Been talking to Tim for over a month. I finalized things internally here on Friday. You will be getting your check by Thursday. :thumbup: It's a done deal. :thumbup:


----------



## Jon Shafer (Dec 15, 2001)

SpeedFreak! said:


> Been talking to Tim for over a month. I finalized things internally here on Friday. You will be getting your check by Thursday. It's a done deal.


Cool!

:thumbup:


----------



## LmtdSlip (May 28, 2003)

Congrats on the offer. :thumbup:


----------



## tgee (Jun 1, 2005)

Congrats SpeedFreak. It's always good to take a step up!


----------



## Moderato (Nov 24, 2003)

I wish you were in the North East! Good Luck.


----------



## MatWiz (Jul 14, 2004)

Moderato said:


> I wish you were in the North East! Good Luck.


You have been reading my mind.... 

Congrats! And good luck to you! It is a step in the right direction, and from your excitement after your Friday discussion with the owner, it seems that you already have all doubt evaporate into thin air...  :beerchug:

~


----------



## Frank Rizzo (Aug 2, 2003)

They said it all Bro....I can't add anymore......


.


----------



## SpeedFreak! (May 1, 2005)

Thanks again... everybody... your kind words warm my heart! :thumbup: 

Hey Jon... I was going to send you a PM to ask you some specifics about pay structure for a GSM... oops :eeps: ... did I just say that? I need to formulate a proposal for what I want my pay plan to be... raw income as well as perks and such. I didn't think it would be appropriate to post that type of stuff publicly. Could you put some really specific stuff together and PM or e-mail me with it? I'd love you forever... :thumbup:


----------



## jetstream23 (Mar 9, 2004)

I would tell the owner that I'd be happy to assume this important role which will require more time and responsibility and that I'm willing to do it for no additional compensation. BUT, I'm not willing to make LESS by taking on this new role. He should surely understand this.


----------



## icemanjs4 (Dec 1, 2004)

Congrats SpeedFreak! Next time I need a BMW I know who I'm coming to... err maybe you're a little far away. But still.


----------



## neill (Oct 4, 2004)

Hey Speedfreak, congrats!!!

I have been off the boards for a couple of weeks (1 week of vacation + 1 week of digging out upon return...... :rofl: )
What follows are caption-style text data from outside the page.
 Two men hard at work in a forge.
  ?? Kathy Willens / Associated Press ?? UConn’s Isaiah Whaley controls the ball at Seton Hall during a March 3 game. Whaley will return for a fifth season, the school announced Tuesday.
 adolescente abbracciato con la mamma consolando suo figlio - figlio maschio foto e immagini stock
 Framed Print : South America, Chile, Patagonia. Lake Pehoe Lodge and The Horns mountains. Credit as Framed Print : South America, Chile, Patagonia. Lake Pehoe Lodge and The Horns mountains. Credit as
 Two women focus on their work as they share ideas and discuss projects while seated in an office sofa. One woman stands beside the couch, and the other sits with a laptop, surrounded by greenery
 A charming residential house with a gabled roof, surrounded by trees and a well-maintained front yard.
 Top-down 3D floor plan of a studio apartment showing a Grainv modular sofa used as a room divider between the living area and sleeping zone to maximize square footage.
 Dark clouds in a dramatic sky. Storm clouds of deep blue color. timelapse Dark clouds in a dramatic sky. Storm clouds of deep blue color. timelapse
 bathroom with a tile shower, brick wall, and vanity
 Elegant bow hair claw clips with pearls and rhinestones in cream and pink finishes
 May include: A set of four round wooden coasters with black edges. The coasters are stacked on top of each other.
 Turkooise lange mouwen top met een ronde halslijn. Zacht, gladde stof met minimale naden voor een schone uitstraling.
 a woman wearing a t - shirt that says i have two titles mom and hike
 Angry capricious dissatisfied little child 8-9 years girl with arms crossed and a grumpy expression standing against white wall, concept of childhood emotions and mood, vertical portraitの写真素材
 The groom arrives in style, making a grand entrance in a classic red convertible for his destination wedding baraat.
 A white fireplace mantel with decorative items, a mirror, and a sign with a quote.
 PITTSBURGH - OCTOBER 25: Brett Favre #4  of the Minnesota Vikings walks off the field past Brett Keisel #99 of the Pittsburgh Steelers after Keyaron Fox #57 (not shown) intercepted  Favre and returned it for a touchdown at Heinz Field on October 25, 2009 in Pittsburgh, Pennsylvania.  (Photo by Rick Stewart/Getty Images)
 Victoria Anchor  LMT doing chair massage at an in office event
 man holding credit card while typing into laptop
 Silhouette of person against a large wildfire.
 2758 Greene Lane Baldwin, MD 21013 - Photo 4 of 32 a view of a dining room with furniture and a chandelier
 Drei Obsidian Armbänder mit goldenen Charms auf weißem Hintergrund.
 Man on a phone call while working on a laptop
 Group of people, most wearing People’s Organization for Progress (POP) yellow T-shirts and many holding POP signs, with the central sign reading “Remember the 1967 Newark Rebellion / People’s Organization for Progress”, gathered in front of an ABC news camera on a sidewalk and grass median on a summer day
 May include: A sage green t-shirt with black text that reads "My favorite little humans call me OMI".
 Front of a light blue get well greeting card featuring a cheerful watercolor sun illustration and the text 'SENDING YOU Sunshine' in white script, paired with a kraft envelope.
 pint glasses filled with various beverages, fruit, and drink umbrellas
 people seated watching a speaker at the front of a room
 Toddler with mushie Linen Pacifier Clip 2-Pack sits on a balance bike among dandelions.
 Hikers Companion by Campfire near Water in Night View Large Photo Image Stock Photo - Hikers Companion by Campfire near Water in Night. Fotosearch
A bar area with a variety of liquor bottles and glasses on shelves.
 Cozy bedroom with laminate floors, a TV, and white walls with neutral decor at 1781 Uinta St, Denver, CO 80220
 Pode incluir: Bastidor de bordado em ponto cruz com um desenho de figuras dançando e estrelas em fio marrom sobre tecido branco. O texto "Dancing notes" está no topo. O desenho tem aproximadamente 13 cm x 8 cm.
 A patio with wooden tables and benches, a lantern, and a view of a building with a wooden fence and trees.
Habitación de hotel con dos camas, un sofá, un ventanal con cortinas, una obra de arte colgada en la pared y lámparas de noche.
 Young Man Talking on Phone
Here is the nuts and bolts of our job: Train, educate and motivate!! There are thousands more details obviously......

One of the job descriptions that I had as a Sales Manager stated:
"If you are working with a customer or a saleperson, you are doing the right thing...", and it has stayed with me all these years (sales manager now for almost 9 yrs :yikes: )

The top salespeople in our industry make quite often more than I do (either monthly or annually), and I am ok with this. If I could train/motivate/educate our staff to all perform at the top level, I dare say that I would make more myself as well, but you are always trying to juggle getting the rookies up to speed, your 6 car guy to 8/mo, your 8 car guy to 10, etc, etc.

The skill sets required have some common areas, but definitely some vast differences. Your best salespeople do not always make the best managers, and vice versa. (This I find is also usually true of service managers and techs as well.....)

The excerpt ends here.